我沉默了一下,微微搖頭:“踏出那一步,說難不難,說不難也難,路在腳下,看自己怎麼走,一個平平無奇的天官,又能改變得了什麼?我還沒思忖清楚那一步該如何走,還需要時間。”
其實,我早就思忖清楚了,知道要想踏出那一步缺的是什麼。
天官,是衛氏一族修行體系中至關重要的一步,是特殊節點裡的特殊節點,如果取尋常地靈珠來走這一步,必定走不出最強天官路,甚至對不起我從前披肝瀝膽打下的堅實基礎!
可以這麼說,走到我現在這一步,果真要去找個地靈珠,根本不算難!!
我一念發散,浩浩蕩蕩蔓延千百里,地脈與我完全契合,若有地靈珠氣息,第一時間就能尋到,便是一寸寸土地的去搜尋,遲早也能尋到。
但那些尋常地靈珠完全沒必要,我需要的是一顆足夠特殊、足夠強大的珠子。
只是此事事關我的修行路,關乎身家性命,不必與他人說的太清楚。
七非宮主也沒有繼續追問,微微頷首,道:“那你這次來陰司是為了......?”
“查證一件事情。”我直言道:“我需要面見酆都。”
“可以,跟我來吧。”
七非宮主轉身,領著我進入酆都山地界兒。
不久後,在上一次的洞天密室裡,我見到了酆都。
酆都看到我後大感頭疼,無奈道:“你這殺才,詢問些事情都非得找我嗎?上一次對你放開武庫,你恨不得刮地三尺,把我的寶貝擄走不知多少,如今剛剛出關又來擾我清修,你比你的那些個祖宗還要煩人的多!”
“前輩照顧晚輩,這不是應該的嘛!!”我嬉皮笑臉。
“說吧,到底要求證什麼事情。”酆都無奈嘆息。
“關於陰司的那些土著。”我如實道:“陽間出了一檔子事情,有一片秘地一直在南海偽裝,它與地脈銜接在一起,縱然歷代天官巡視南海,也很難察覺它的異常,近期,這片秘地離開了,是衝著我來的,我有幾個朋友在南海棲身,受我牽連,已經遭遇不測,恐怕它們是想透過我的朋友獲悉有關於我的訊息。”
酆都聞言,正色肅容道:“你發現了什麼線索?”
“我的一位朋友是被咒殺的,那咒術明顯來自於陰司某個土著族群!”
隨即,我抬手在桌上書寫趙圓珠身上的咒印符文,那些殄文的原始模板,以我如今的道行,哪怕它通的是至陰之力,也能完整摹刻出來。

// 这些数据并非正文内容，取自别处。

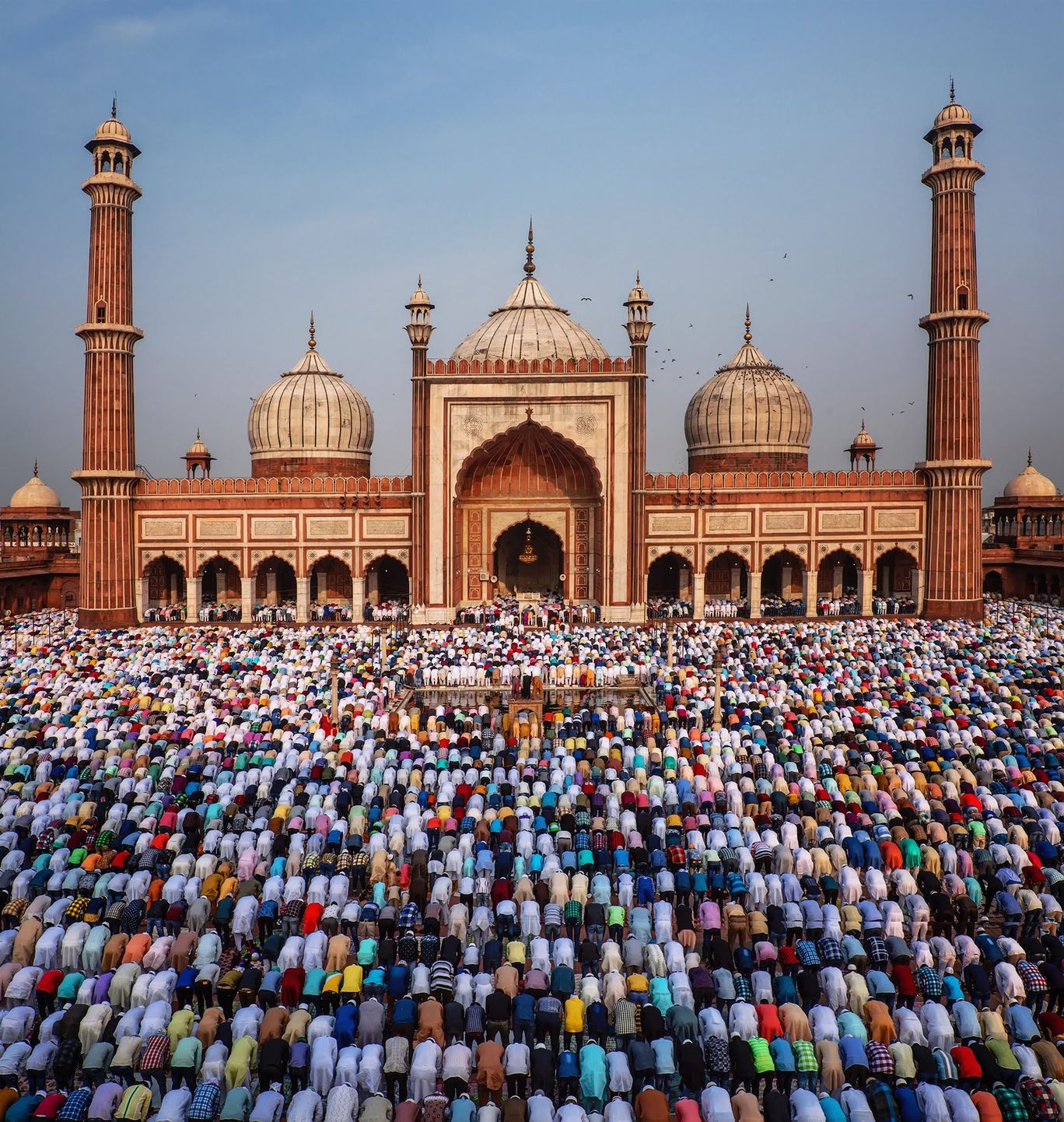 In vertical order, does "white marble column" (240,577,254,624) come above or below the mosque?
below

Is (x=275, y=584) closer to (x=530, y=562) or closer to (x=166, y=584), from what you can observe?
(x=166, y=584)

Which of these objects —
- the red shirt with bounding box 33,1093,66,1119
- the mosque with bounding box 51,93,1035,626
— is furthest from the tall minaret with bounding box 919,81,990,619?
the red shirt with bounding box 33,1093,66,1119

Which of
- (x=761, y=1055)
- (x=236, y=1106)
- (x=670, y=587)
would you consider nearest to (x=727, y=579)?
(x=670, y=587)

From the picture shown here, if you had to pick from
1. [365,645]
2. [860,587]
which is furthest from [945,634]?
[365,645]

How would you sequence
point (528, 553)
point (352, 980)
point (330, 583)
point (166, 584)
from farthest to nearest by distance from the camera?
point (166, 584)
point (330, 583)
point (528, 553)
point (352, 980)

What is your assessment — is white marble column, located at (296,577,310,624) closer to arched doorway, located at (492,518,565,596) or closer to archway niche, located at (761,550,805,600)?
arched doorway, located at (492,518,565,596)

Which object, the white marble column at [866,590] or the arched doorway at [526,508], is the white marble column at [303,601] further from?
the white marble column at [866,590] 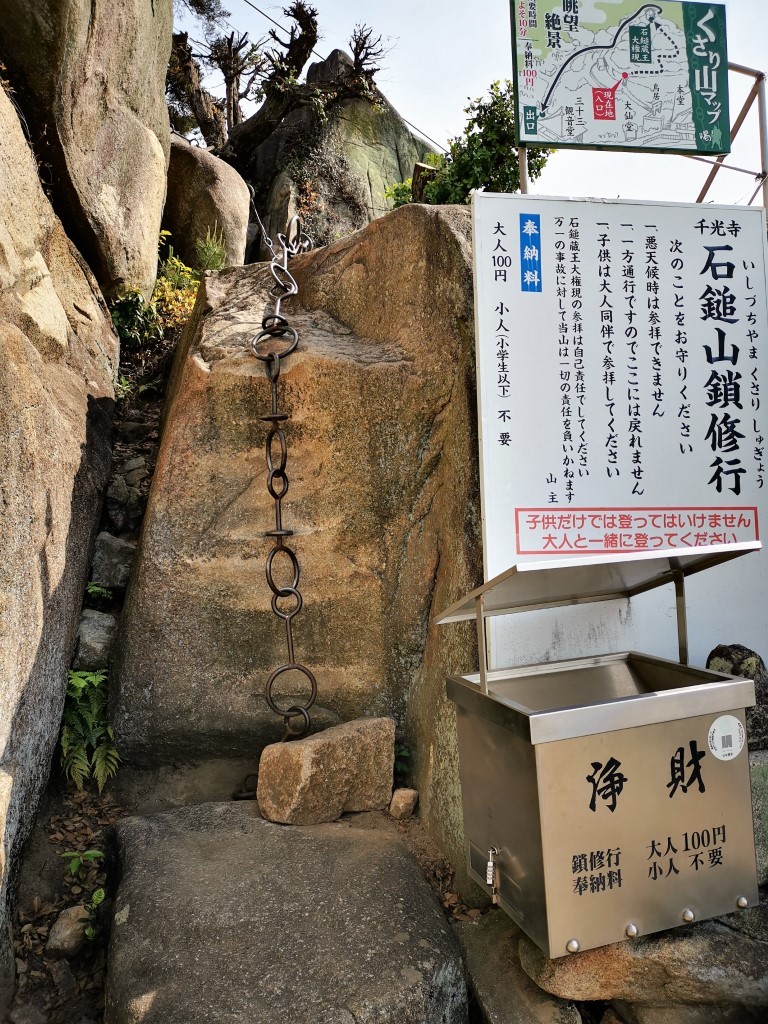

這些原初殄文寫出來的瞬間,一股極端邪惡的氣息溢散開來。
酆都豁然變色。
我察言觀色,料定他知道些什麼,立即追問道:“這些原初殄文屬於哪個族群?”
酆都回過神來,沉默了一下,道:“它們確實來自陰司,不過......如今陰司已經看不到它們了,這是失落的一族。”
“失落的一族?”我皺眉,愈發不解。
“它們的失落,與你們衛氏一族有關。”
酆都目光復雜的看了我一眼,道:“當年,聖武攻打崑崙墟至高族群祖地,從陰司攝走無數陰兵,參與陽間征戰,直接撻伐神話族群,被他攝走的陰司生靈一去不回,其中就包括......這一族!
它們,就是從那個時代開始失落的。
......”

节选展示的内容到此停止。